# Design Details of MARVEL

## CS代写|机器学习代写Machine Learning代考|DRL Framework

The form of discounted sum is widely adopted in RL because it can cater to both the overall performance of a strategy and the short-term profit. In MARL model, $i$-th agent maintains an individual policy $\pi^i: S \times A^i \rightarrow[0,1]$, and under this policy, an agent can have a state-value function to evaluate the quality of this policy under a state. Since the policy $\pi^i$ is actually an action choice function, the policy quality is usually denoted as $Q_\pi^i\left(s, a^i\right)$ and defined as follows
$$Q_\pi^i\left(s, a^i\right)=\mathbb{E}\pi\left(\sum{k=0}^{\infty} \gamma_k r_{t+k}^i \mid s_t=s, a_t=a\right),$$
where $\mathbb{E}$ denotes the expectation value, and $k$ denotes the action step. This quality function evaluates the action value taken by a policy under a state.
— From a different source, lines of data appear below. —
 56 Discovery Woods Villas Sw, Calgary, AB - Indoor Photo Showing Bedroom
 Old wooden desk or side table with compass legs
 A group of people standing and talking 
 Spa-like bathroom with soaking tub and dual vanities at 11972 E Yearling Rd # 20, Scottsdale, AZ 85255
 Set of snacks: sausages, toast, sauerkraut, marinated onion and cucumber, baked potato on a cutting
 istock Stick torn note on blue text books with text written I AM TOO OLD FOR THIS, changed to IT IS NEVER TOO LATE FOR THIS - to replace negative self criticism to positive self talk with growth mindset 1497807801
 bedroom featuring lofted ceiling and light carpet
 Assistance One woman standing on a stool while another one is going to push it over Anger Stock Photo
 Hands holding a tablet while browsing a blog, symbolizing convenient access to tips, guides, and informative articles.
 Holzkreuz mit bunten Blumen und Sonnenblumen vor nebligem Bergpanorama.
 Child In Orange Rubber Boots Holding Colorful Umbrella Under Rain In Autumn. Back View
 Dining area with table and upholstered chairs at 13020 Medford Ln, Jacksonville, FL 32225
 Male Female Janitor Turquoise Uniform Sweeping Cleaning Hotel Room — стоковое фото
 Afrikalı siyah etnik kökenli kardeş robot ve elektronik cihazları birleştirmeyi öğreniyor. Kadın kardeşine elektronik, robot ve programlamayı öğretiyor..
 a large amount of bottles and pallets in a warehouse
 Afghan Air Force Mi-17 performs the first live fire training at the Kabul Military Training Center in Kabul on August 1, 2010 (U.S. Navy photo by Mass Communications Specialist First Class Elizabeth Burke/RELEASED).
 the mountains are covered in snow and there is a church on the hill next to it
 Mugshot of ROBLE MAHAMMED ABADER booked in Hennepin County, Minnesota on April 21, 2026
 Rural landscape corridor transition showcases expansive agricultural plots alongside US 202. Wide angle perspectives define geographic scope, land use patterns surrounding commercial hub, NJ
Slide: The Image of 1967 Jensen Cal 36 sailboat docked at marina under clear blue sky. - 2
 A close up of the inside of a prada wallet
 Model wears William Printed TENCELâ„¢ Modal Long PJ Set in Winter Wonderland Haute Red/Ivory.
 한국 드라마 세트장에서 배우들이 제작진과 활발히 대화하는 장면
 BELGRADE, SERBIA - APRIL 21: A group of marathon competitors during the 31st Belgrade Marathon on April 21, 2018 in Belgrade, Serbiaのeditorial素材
However, obtaining future reward from $k=0$ to $k=\infty$ is not applicable for online learning. To solve this problem, the quality function can also be expressed in an iterative fashion:
$$Q^i\left(s_t, a_t^i\right)=\mathbb{E}\left[r_t, \gamma Q^i\left(s_{t+1}, a_{t+1}^i\right)\right]$$

## CS代写|机器学习代写Machine Learning代考|Training Phase

In this section, we discuss how the agents are trained in an MARL model and present the detailed interaction among agents of MARL. The goal of the training process is to teach each controller whether to export or import switches without human interference. The process is shown in Algorithm 2. In the algorithm, Lines 1-8 calculate the utilization of controllers and select the master controller. In lines 2-5, each controller calculates the resource utilization of all controllers in use. Lines 6-7 select the master controller. In lines 9-23, in each iteration, one controller is selected by the master as an actor controller (lines 10-13), and then the actor controller generates a switch migration action and broadcasts the action to other controllers (lines 14-21). Note that the actor is selected according to its resource utilizationbased probability (line 11). As the training continues, each controller is likely to be selected as the actor based on its resource utilization, and thus the actor can be guaranteed with enough training probability.